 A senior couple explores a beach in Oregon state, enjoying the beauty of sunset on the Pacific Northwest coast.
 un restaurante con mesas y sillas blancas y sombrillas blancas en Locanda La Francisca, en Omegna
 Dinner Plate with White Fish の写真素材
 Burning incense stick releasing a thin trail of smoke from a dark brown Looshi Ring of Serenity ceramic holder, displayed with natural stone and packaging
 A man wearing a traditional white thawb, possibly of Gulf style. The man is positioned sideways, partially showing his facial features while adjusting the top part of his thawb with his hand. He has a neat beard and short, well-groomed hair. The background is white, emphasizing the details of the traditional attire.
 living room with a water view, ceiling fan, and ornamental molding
____________________
Task to carry out:
Whenever the word "with" appears in a line above, copy that line.

Exercise answer:
 Dinner Plate with White Fish の写真素材
 Burning incense stick releasing a thin trail of smoke from a dark brown Looshi Ring of Serenity ceramic holder, displayed with natural stone and packaging
 A man wearing a traditional white thawb, possibly of Gulf style. The man is positioned sideways, partially showing his facial features while adjusting the top part of his thawb with his hand. He has a neat beard and short, well-groomed hair. The background is white, emphasizing the details of the traditional attire.
 living room with a water view, ceiling fan, and ornamental molding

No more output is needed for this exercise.